Mitesh Kothari, co-founder and CCO of independent digital agency White Rivers Media, believes personal branding is more important now than ever before. He says, “It helps build credibility and strengthens your networks, leading to client retention and more syndication opportunities. As a brand’s backbone, C-suite executives must be vocal and establish themselves as thought leaders in their niche. Understanding that your personal brand is what people say about you when you’re in the room is essential. The best thing about that is you can make them think whatever you want by actively creating any environmental perception.”
Having said that, there are founders who stretch the point. Not so long ago, Shantanu Deshpande, CEO of Bombay Shaving Company, sparked a furore with a post advising youngsters to work 18-hour days in the formative years of their careers. Facing a severe backlash and trolling, he first apologised to the people who disagreed with him, and logged off from LinkedIn. But he returned in a couple of days to declare that the episode created over Rs 20 crore worth of PR for the company. Deshpande thanked all the people who sent him hate. A former marketer says, “This episode is a classic case of why consumers have trust issues with influencers. You signed off a platform and returned in no time. So was this all a part of a plan?”
Planned strategy or organic, founders who represent their brand and the company’s culture also need to be conscious of what and how they communicate to their online communities.
There are several founders who are creators. They give a shout-out to brands that they like to support in the business community with no returns. However, many brands are targeting vocal employees and entrepreneurs whose opinions matter. Many popular marketing heads on LinkedIn that Storyboard18 spoke to indicate that they were offered brand collaborations from categories like BFSI, consumer durables, recruitment firms and others. All of them have been politely refusing the offers due to contractual issues with their employees.

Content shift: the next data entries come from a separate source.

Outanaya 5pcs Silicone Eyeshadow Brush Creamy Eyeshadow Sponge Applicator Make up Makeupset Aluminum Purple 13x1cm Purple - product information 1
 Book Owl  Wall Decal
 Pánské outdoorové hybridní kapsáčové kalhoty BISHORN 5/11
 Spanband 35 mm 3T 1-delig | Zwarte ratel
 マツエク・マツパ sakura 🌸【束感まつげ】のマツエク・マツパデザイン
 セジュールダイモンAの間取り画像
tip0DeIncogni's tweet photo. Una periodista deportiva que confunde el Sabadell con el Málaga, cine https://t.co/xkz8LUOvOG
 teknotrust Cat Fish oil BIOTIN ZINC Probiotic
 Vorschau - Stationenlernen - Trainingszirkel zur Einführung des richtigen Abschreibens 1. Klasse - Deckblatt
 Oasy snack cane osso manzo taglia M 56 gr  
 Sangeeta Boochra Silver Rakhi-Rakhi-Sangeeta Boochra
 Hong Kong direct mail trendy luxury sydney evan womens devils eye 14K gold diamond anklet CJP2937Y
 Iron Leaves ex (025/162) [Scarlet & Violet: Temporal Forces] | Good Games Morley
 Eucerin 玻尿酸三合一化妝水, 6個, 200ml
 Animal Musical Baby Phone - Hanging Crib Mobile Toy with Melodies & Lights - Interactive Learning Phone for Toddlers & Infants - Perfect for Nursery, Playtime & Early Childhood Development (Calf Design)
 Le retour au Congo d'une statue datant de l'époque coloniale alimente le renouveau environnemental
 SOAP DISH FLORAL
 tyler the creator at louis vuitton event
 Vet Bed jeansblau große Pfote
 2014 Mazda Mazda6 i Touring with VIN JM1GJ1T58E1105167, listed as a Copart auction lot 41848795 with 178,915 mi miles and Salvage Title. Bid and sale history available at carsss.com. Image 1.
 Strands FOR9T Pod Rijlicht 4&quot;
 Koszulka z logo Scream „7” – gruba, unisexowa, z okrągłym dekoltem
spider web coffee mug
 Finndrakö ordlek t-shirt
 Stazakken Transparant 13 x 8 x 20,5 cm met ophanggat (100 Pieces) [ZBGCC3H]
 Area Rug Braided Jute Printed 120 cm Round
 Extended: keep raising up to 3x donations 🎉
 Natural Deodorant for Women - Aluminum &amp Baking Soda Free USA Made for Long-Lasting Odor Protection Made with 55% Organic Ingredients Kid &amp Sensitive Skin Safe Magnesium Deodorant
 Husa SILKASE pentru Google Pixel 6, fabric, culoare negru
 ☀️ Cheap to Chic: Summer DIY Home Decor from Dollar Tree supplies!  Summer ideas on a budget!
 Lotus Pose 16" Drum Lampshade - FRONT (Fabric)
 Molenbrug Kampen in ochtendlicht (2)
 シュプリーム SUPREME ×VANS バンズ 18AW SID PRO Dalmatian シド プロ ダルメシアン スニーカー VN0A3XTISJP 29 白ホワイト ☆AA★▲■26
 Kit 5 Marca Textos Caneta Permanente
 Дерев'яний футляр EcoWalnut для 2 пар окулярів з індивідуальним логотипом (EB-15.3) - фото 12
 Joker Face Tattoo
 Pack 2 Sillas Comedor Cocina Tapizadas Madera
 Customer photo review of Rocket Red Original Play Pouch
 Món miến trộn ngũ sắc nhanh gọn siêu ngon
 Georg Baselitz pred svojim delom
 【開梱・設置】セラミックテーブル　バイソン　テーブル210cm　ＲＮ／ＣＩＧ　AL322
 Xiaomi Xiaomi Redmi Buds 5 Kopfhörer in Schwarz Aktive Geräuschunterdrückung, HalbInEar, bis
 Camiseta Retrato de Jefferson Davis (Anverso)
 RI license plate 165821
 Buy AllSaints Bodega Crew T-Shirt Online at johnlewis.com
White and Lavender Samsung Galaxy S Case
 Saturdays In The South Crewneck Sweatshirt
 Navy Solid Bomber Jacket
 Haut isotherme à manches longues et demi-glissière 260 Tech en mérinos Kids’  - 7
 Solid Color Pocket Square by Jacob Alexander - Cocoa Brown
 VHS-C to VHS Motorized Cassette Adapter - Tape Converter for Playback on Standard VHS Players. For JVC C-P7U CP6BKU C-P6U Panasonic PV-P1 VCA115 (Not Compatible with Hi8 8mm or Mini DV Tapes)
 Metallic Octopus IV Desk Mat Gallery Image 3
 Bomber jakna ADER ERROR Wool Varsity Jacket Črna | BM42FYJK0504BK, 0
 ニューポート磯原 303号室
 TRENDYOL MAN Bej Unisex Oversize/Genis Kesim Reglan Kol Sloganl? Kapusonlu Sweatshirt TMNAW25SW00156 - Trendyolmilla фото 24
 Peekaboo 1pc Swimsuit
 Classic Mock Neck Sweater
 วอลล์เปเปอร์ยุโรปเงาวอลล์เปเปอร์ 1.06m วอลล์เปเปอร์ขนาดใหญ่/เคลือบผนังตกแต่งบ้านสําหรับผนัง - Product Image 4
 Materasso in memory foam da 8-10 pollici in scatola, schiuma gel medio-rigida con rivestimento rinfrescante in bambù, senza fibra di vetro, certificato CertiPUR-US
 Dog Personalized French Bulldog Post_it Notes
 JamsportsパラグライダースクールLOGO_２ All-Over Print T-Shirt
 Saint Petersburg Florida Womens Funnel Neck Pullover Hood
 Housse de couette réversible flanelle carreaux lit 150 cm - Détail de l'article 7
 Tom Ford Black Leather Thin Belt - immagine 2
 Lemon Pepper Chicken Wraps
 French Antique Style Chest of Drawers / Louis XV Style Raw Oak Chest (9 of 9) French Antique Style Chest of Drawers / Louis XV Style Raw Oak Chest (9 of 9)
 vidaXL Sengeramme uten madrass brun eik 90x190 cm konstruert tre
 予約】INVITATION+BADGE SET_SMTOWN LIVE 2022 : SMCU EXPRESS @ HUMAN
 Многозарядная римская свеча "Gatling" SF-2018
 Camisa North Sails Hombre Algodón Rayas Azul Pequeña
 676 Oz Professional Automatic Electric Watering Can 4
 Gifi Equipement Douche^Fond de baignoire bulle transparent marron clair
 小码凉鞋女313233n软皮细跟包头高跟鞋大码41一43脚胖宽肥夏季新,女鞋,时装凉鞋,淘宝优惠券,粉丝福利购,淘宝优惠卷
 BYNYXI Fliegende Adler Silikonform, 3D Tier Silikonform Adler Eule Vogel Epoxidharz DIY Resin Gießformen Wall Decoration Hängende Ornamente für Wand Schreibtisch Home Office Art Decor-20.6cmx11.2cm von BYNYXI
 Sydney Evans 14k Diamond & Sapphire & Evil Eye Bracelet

Chugh says that in recent times, many companies have even launched employee influencer policies. Some of these companies have been tailoring contracts for certain employees who have enrolled in such programmes, he says. According to him, it is advisable that the social media profile of the influencer is a professional or business account. “Be that as it may, in any event, all such brand-related content by employee influencers must strictly carry a disclosure,” he adds.
As per the Advertising Standards Council of India’s influencer guidelines, all advertisements published by social media influencers or their representatives on such influencers’ accounts must carry a disclosure label that clearly identifies it as an advertisement. A disclosure is required if there is a material connection between the advertiser and the influencer. Material connection includes employment relationships.Experts believe even entrepreneurs and employee influencers should strictly follow these rules too.
“At times, employees also moonlight as influencers. In such cases, it is not advisable for the employer to control the employees’ use of their personal social media accounts. However, it may also be advisable for employment contracts (with such influencers) to clearly mention that such employer shall not undertake any activity that may harm or bring disrepute to the employer and/or the brand,” concludes Chugh.